I’m not quite sure when this starts to happen. Is it when we reach a certain age? Is it after the loss of a loved one? Is it watching coworkers prepare for retirement? Is it after a health scare? The “this” I’m referring to is looking into the face of our own mortality.
This has become quite common for me lately and to be honest it’s a very uncomfortable feeling.
There have been days I’ve wished I wouldn’t wake up to see the next morning. There are times I’ve welcomed death, believing it would erase suffering. I believe my struggle with depression has been a contributing factor. Depression is like a cruel friend, always appearing to be there for you, luring you into what it thinks is best for you, yet destroying any hope and dragging you into a blanket of darkness that it masks as comfort.
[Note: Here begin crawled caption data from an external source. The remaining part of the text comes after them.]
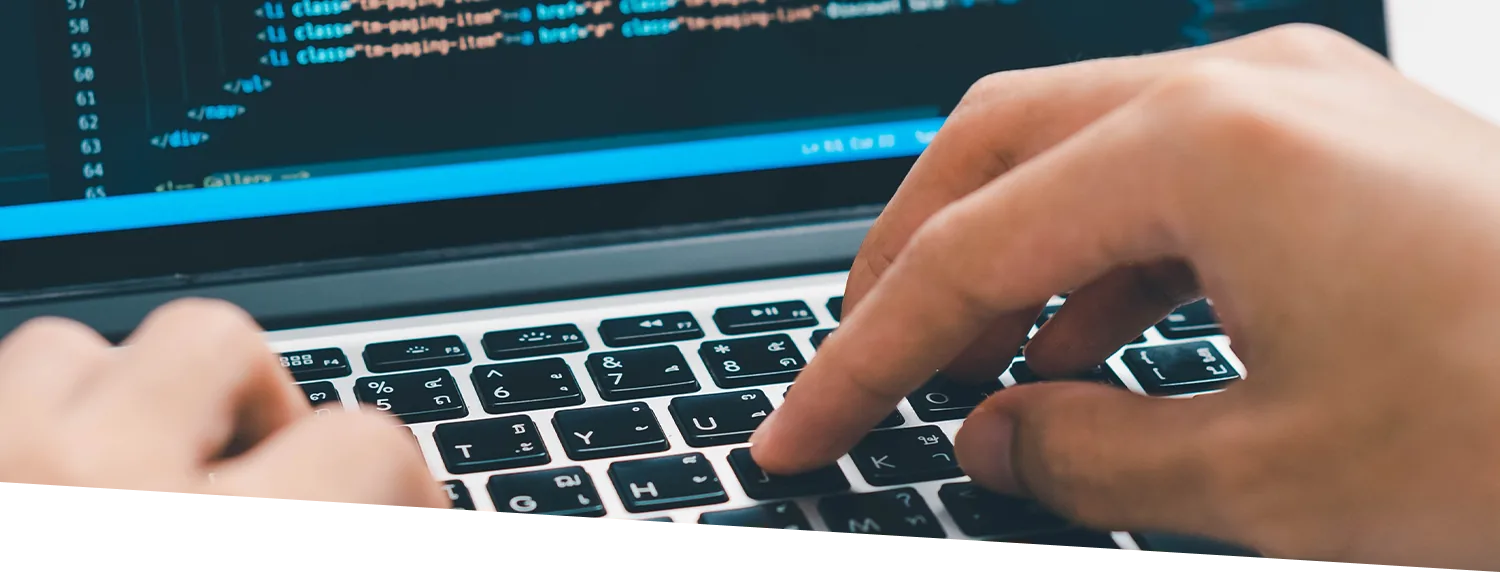 Webシステム開発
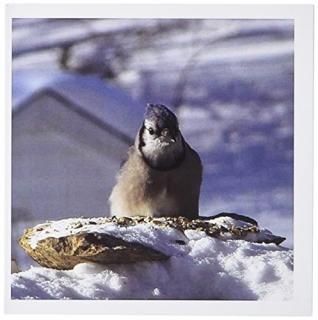 ӥХ꡼ʡ̿??Blue Jay on A Rock In The??꡼ƥ󥰥 Set of 12 Greeting Cards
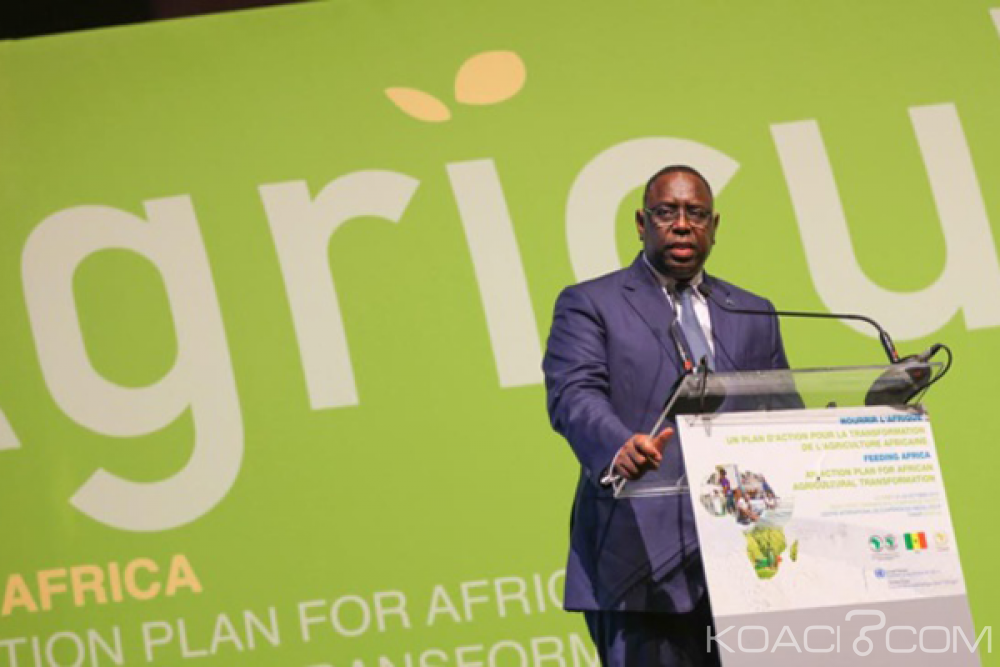 Sénégal : Secteur Agricole, le Président Sall  juge l'implication des banques commerciales insuffisante et invite à  accompagner le secteur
As I face mortality, I’ve come to regret feelings I’ve had about welcoming death. I find myself questioning why I would believe death better then life. Was it the depression? Was it youth? Was it because subconsciously I believed it couldn’t happen?
I am a catholic. I believe with every fiber of my being that there is a heaven and my God, being the forgiving God that he is, will one day welcome me into His eternal kingdom, whether I feel I might deserve it or not. Why would I want to, or think I have the right to, make the decision of when that will be. That is His alone to make.
This morning as I watched the sun rise on what promises to be a beautiful weekend, I realize I love life! I want to relish in today’s bright sun and warm breeze. I want to laugh with friends and family. I want appreciate this gift of life; I want to see the sunset, and I want to wake up and fall asleep to thousands and thousands of sunrises and sunsets that are yet to come.
I do not want to take one thing for granted of this beautiful gift called life.
So as I examine my mortality, I will not let it consume me. I will practice gratitude each day. I will fight those sometime overwhelming thoughts of despair and realize that they are temporary and will pass. I will find beauty in all things. I will wish and pray for a long wonderful, beautiful, amazing life!